[Captioned web image data]
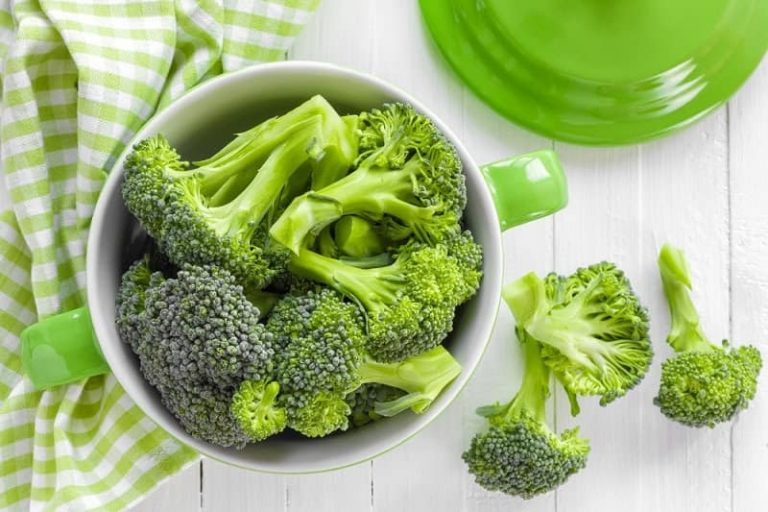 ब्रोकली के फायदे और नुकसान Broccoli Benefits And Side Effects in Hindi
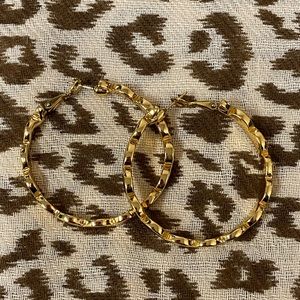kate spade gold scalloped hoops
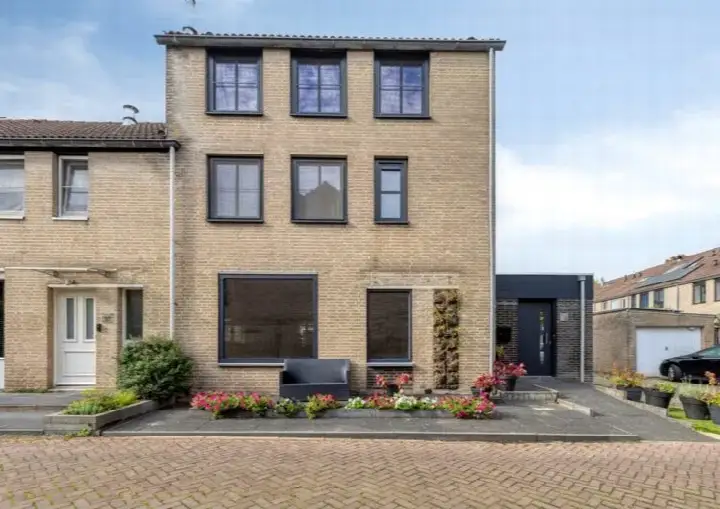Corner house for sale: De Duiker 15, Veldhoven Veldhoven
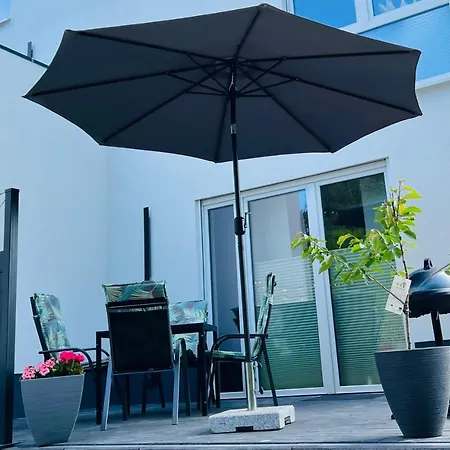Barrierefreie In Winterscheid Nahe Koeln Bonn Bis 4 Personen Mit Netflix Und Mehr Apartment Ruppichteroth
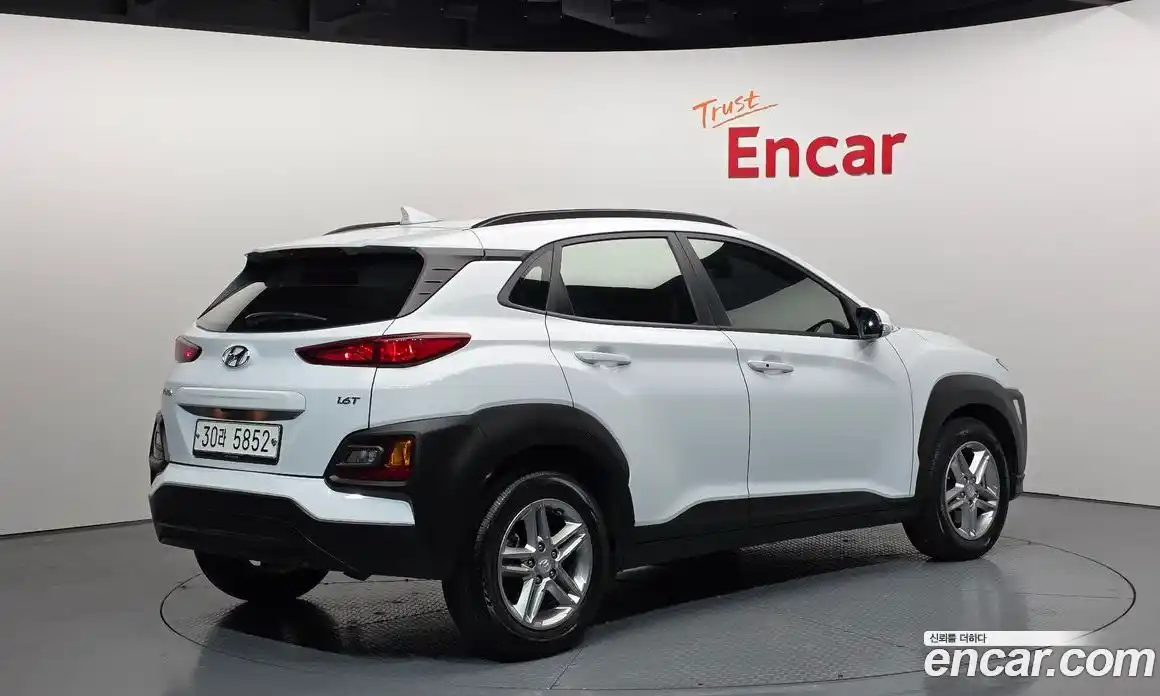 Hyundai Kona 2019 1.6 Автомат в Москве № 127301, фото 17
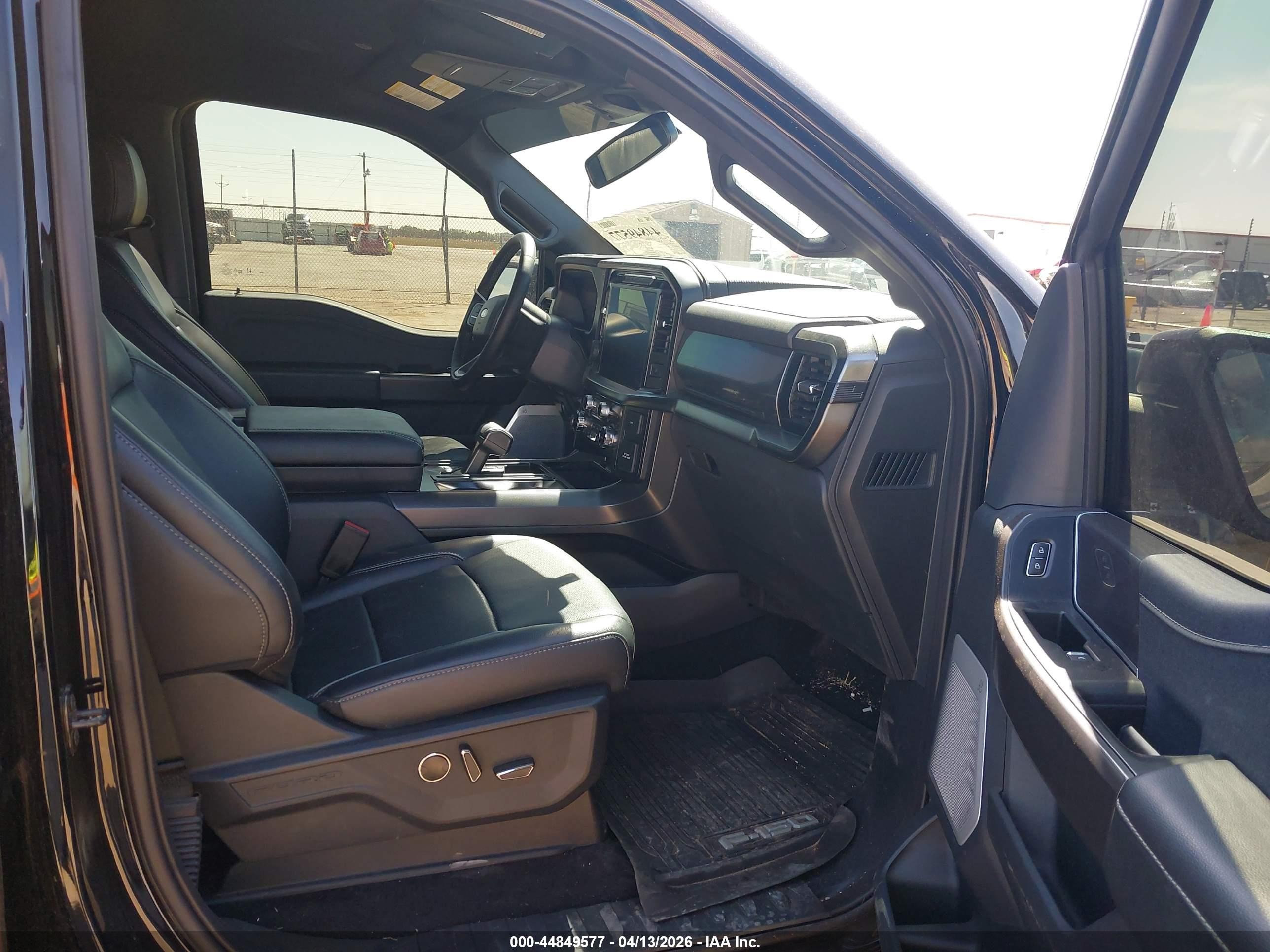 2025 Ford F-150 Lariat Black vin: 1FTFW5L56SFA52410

▸ Exercise directions
All entries should be reproduced exactly; no picture belongs in the result.

▸ Output below
 ब्रोकली के फायदे और नुकसान Broccoli Benefits And Side Effects in Hindi
kate spade gold scalloped hoops
Corner house for sale: De Duiker 15, Veldhoven Veldhoven
Barrierefreie In Winterscheid Nahe Koeln Bonn Bis 4 Personen Mit Netflix Und Mehr Apartment Ruppichteroth
 Hyundai Kona 2019 1.6 Автомат в Москве № 127301, фото 17
 2025 Ford F-150 Lariat Black vin: 1FTFW5L56SFA52410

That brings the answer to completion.